Vinaora Nivo Slider 3.x

Statistical Learning and Data Mining

CFU: 6

Prerequisites

Basic knowledge about mathematics and linear algebra, probability models. 

Preliminary Courses

None.

Learning Goals 

The course aims at providing students with the logic of statistics and the methodological skills of the Statistical Learning paradigm: Data Mining, Inference and Prediction, in the application domains of Engineering and Basic Sciences. Specifically, students are exposed to and trained about the fundamental methods for exploratory data analysis and statistical modeling for inference and prediction in classification and regression problems.

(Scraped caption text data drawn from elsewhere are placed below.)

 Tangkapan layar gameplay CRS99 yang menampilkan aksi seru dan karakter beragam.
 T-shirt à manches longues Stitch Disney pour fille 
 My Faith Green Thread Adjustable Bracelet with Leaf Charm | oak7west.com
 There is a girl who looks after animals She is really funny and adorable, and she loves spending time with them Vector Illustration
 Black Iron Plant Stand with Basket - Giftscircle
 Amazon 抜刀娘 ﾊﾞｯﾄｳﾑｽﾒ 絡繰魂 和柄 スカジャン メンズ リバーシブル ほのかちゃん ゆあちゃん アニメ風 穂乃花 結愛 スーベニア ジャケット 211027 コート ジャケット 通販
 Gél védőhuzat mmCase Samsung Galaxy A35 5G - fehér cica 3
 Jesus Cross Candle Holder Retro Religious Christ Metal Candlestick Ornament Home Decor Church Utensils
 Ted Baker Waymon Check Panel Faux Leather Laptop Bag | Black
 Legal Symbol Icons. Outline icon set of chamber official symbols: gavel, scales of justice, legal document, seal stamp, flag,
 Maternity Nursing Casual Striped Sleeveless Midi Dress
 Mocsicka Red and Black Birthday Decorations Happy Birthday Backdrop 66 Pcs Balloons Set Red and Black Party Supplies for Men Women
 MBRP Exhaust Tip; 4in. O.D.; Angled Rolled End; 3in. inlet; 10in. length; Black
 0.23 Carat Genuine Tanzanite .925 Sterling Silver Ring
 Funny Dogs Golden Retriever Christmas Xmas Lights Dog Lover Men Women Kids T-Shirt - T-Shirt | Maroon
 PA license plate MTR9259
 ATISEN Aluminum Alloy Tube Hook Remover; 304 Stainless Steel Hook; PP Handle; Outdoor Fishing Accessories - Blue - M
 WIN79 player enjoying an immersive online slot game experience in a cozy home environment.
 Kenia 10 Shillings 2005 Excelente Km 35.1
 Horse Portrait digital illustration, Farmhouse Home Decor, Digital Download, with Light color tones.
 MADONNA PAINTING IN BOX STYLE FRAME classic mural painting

The learning pace is kept by practical exercises carried out by open-source programming languages, so that the acquisition of those methods and skills will be strengthened through the development of suitable case studies based on real world data.  

Expected Learning Outcomes 

Knowledge and understanding

The course provides students with the statistical methodology for learning from data, how to transform the real problem questions into statistical challenges, how to explore data and extract important patterns, how to build up models for decision-making and prediction, how to validate the results, how to interpret and communicate the outcomes of the statistical data analysis. 

The student needs to show that he/she learned how to choose the suitable approach and method, implement the algorithm and its requirements to address real problem questions using statistical methodology.  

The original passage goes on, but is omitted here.